PEARG 104 NOTES

---

Shivan:

Does anyone have any comments on the agenda?

First talk is by Iain. https://datatracker.ietf.org/doc/slides-104-pearg-iain-safe-measurementpdf/01/

Iain: from the Tor Project; first IETF event.

[talking on use cases of TOR]

[Tor metrics philosophy: public, non sensitive data, guided by the Tor research safety board], key safety principles: data minimisation, source aggregation and transparency

“Everything is open source, design documents are published”. [use of simulations and test-beds] “Before a Tor client connects to the network, it needs to have a view of the network”. 

[speaking on different systems of measurement, including Privcount, Rappor, Prochlo]

“I’m hoping to generalise all of this in the draft […] so compliance becomes easier” [..] “Happy to take any questions, feedback or suggestions”

[questions]

Question 1: Are the metrics reasonably accurate?

[…]

Question 2: I think it’s a good piece of work to continue. This is just positive feedback basically. To what extent are you trying to reach out to get input from others on large scale measurements?

Iain: All feedback is welcome. There are different classes of measurement, such as active and passive. There is an issue about keeping a “do not scan list” as well.

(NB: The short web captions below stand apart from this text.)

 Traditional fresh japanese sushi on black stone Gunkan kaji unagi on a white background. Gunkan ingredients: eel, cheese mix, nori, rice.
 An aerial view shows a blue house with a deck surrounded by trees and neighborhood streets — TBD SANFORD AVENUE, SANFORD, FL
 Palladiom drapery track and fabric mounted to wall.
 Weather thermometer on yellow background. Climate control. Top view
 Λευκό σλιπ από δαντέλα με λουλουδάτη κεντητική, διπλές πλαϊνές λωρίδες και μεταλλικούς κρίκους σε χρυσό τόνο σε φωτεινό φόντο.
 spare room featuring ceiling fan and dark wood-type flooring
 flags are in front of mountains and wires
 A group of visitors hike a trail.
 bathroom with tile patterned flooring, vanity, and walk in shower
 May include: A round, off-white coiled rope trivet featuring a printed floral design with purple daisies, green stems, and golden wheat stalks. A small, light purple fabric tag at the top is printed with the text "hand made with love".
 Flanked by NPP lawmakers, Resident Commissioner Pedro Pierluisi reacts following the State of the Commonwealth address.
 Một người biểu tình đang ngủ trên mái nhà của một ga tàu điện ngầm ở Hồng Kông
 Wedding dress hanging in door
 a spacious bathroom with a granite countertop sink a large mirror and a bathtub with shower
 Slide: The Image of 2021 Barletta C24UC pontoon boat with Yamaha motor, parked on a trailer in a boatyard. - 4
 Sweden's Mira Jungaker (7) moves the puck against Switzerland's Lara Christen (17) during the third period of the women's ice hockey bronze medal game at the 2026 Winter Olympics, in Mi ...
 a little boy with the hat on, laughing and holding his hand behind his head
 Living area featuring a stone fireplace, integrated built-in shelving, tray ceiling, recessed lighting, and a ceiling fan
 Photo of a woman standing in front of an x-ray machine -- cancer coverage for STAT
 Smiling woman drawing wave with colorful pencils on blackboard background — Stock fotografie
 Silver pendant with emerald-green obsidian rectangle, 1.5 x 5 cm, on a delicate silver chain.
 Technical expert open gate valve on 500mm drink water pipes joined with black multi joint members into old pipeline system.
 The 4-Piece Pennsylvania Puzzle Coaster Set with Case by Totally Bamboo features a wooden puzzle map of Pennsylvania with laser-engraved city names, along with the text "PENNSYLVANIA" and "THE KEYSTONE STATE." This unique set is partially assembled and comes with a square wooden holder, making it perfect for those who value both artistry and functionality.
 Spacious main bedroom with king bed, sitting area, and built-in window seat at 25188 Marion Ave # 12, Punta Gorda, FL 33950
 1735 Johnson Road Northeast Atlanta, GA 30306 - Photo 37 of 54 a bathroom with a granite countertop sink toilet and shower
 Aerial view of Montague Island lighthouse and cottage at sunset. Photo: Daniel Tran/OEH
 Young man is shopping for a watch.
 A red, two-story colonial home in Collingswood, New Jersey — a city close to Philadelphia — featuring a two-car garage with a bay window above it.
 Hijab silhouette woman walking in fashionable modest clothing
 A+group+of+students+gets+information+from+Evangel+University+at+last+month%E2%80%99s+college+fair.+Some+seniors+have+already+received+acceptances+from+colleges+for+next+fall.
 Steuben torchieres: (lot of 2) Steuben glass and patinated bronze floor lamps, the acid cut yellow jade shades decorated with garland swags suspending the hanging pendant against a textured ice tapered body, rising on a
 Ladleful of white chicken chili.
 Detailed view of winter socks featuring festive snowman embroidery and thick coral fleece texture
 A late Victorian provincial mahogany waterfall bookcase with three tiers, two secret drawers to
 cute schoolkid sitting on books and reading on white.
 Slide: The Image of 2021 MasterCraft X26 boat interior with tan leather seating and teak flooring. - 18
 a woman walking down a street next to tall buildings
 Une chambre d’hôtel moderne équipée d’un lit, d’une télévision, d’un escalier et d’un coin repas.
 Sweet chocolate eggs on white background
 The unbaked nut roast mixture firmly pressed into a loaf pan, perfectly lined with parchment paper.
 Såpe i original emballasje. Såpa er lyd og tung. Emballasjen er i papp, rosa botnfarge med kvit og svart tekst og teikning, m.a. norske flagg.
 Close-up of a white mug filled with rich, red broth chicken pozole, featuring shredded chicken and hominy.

Question 2: I think that is a good topic to cover.

Question 3: Can you comment on differences between Prio and Privcount?

Iain: I don’t know much about the Prio system so I cannot comment.

[=]

Remote presentation by Ryan Guest: https://datatracker.ietf.org/doc/slides-104-pearg-ryan-log-data-privacy/00/

Techniques for identifying personal data: “To identify personal data, we have two techniques: dict. or location identifier based (such as US states)”

We have some unique formats for our domain: user IDs, AWS keys, etc., which can be searched for monitoring our logs. [speaking on method for data deletion] There is certain classes of data which we don’t want to see at all, SSNs, credit card numbers, etc. We drop it at the start.

[speaking on masking, aggregation, generalisation, categorisation, tokenisation, differential privacy and encryption]

There are some really interesting properties for enforcing user privacy.

[questions]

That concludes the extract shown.